This is a really helpful write-up on function call tracing, and the small runtime library is excellent for learning.
I have a couple of questions:
I’m curious about how trace_data::pos is handled when the buffer becomes full. I see it’s initialized in allocate and incremented during function entry instrumentation, but I didn’t spot where it’s reset after a wraparound.
What’s your take on the call_site parameter of __cyg_profile_func_enter? It seems wasteful in terms of code size and overhead.
GCC’s x86 port introduced -minstrument-return=call in 2018. I am curious what projects have used the option before funtrace…
Also, thanks for explaining LLVM XRay. I learned about it around the start of my US career and found it very interesting as my day job did not brought me a lot of fun.
I even contributed a bit to XRay and reviewed some features.
The throw issue (and similar functions like fork/exit) reminds me of related code coverage challenges. I contributed to Clang’s -finstrument-functions and this might be a nice improvement opportunity.
the pos pointer is reset by ANDing with wraparound_mask. it’s a bit weird to AND pointers like that; it’s allocated with posix_memalign to allow it.

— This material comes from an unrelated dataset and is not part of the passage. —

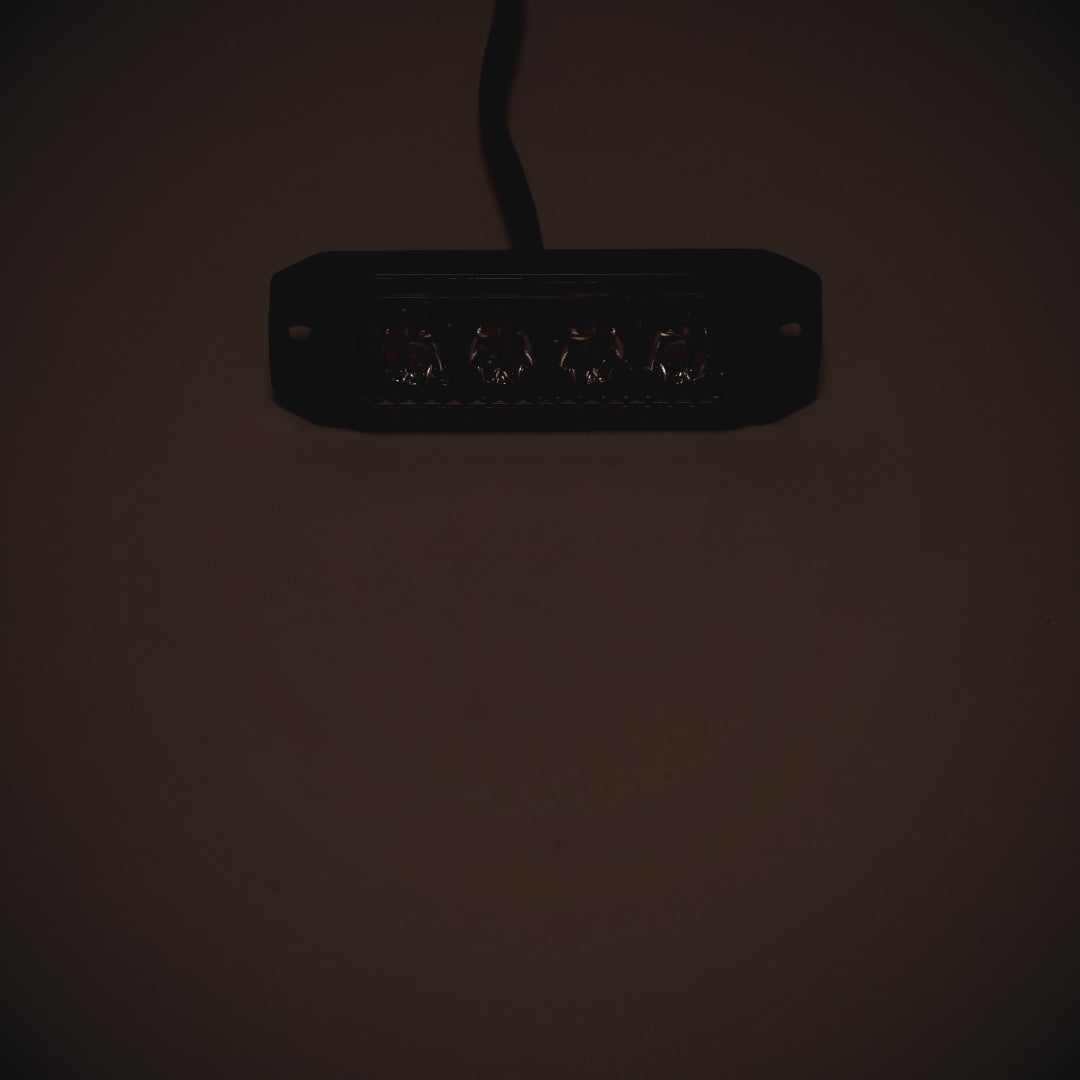 Truck LED 4 LED ECE R65 Warning Grill Strobe Lamp 12/24V - Amber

__cyg handlers are quite wasteful, i guess to let you neatly construct a call graph in portable code; for funtrace, rdtsc dominates the overhead so -pg’s more efficient hooks don’t help much, it’s the fact that they are inserted post inlining that matters.
One nice thing about -finstrument-functions on gcc is the exit hook gets called upon stack unwinding - would be good if clang did this, too
the pos pointer is reset by ANDing with wraparound_mask. it’s a bit weird to AND pointers like that; it’s allocated with posix_memalign to allow it.
Thx. I missed the (&=) use. When the buffer is full, there is no auto flushing?
__cyg handlers are quite wasteful, i guess to let you neatly construct a call graph in portable code; for funtrace, rdtsc dominates the overhead so -pg’s more efficient hooks don’t help much, it’s the fact that they are inserted post inlining that matters.
Thanks for confirming my intuition.
While __cyg offer a mechanism for constructing dynamic call graphs, I haven’t come across any use cases where this feature is actually utilized…
I agree that the implemented log modes are too heavy.
I believe that only one team at Google used LLVM XRay (the authors of the whitepaper) and they eventually removed their dependency on it a few years ago.
Rewriting a significant portion of the open-source implementation seems reasonable, assuming there’s community interest in doing so.
The register saving code enables arbitrary C++ function calls. As you’ve noticed, this introduces significant overhead.
For x86-64 and aarch64, we could probably require preserve_all or preserve_most calling convention so that the register saving code can be removed. However, this requires log function simplification first as we do not want a preserve_most callback to call other functions. Any function customization could be an enemy here.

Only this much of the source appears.